Hi, I wrote a basic GAN and wonder if it’s possible to train G and D in the same step.
Many codes I’ve seen use alternating steps to train G and D and I find this inefficient.

The idea is to have two optimizers like this:

opt_G = Adam(G.parameters())
opt_D = Adam(D.parameters())
loss_G = log(1-D(G(z)))
loss_D = log(D(G(z))) + D(real)

Gradients from loss_G depend on both G.parameters() and D.parameters() but opt_G will only update G.parameters().

The problem with using one optimizer is loss_G.backward() will put some values on grad of D.parameters(). This is wrong because loss_G affect D’s parameters.

This is what I am thinking:

opt_G.zero_grad()
loss_G.backward()
opt_G.step()

opt_D.zero_grad()
loss_D.backward()
opt_D.step()
  • I am not sure G update doesn’t affect D update in this code.

  • How can I use retain_graph or retain_variables for this?
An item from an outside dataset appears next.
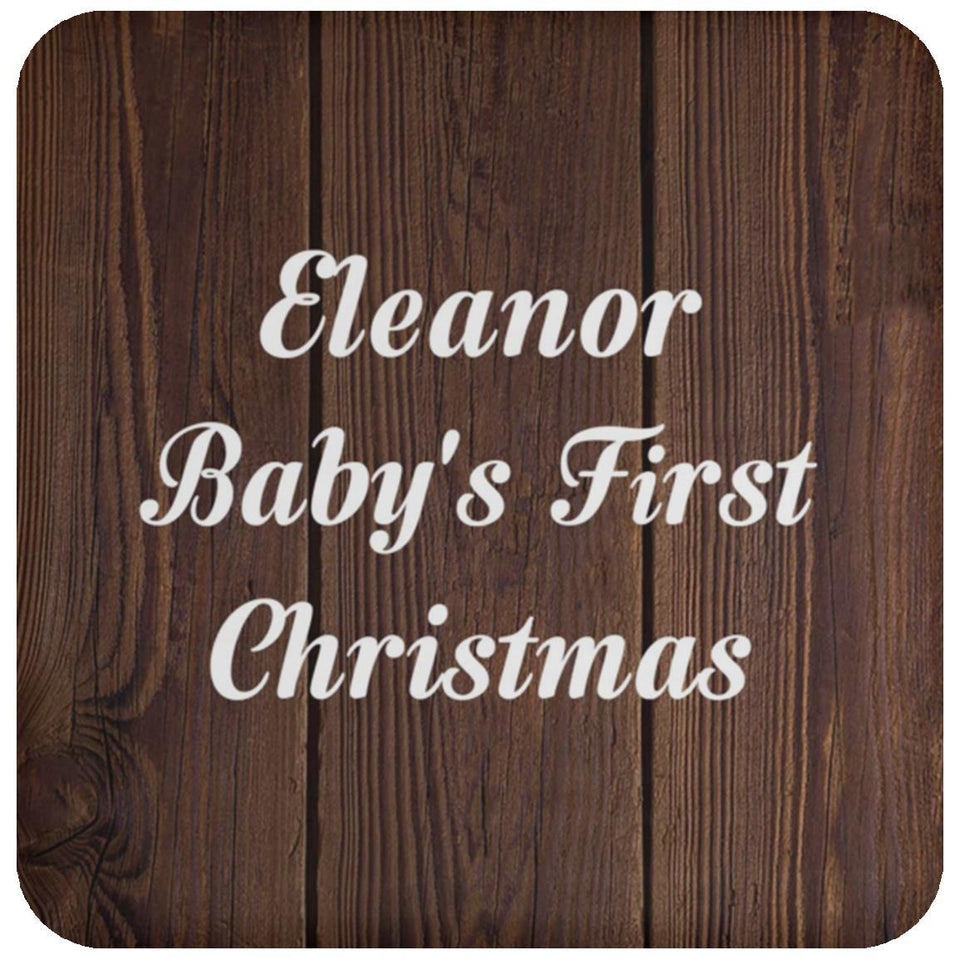 Eleanor Baby's First Christmas - Drink Coaster D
There is no documentation about retain_variables.

  • If loss_G.backward() can only update grad on G.parameters and abandon D.parameters I could write in one optimizer (Is this retain_variables?) :

    opt.zero_grad()
    loss_G.backward(G.parameters())
    loss_D.backward(D.parameters())
    opt.step()

In your code, G and D are coordinating. They are not adversarial.

Thanks, fixed the sign.

After fixing the sign, you should notice that only one backward is not possible :slight_smile:

Right, so I have two loss.backwards() but still one forward.
My question is if changing the order of G/D update gives the same result.

(e.g. opt_G.step() updates G, and loss_D depends on G, so loss_D.backward() calculates the grad based on the new G which is wrong?)

Right. So in reality, you would want to calculate both gradients before updating parameters. It is kinda tricky but you can do, in pseudo code:

fake = G(z)
fake_d = fake.detach()
fake_d.requires_grad = True

pred_fake = D(fake_d)
pred_fake_d = pred_fake.detach()
pred_fake_d.requires_grad = True

loss_G = log(1-pred_fake_d)
grad_pred_fake = autograd.grad(loss_G, pred_fake_d)
grad_fake = autograd.grad(pred_fake, fake_d, grad_pred_fake, retain_graph=True)
fake.backward(grad_fake)

loss_D = log(pred_fake) + D(real)
loss_D.backward()
1 Like

Wow, nice trick. Detaching blocks the backprop.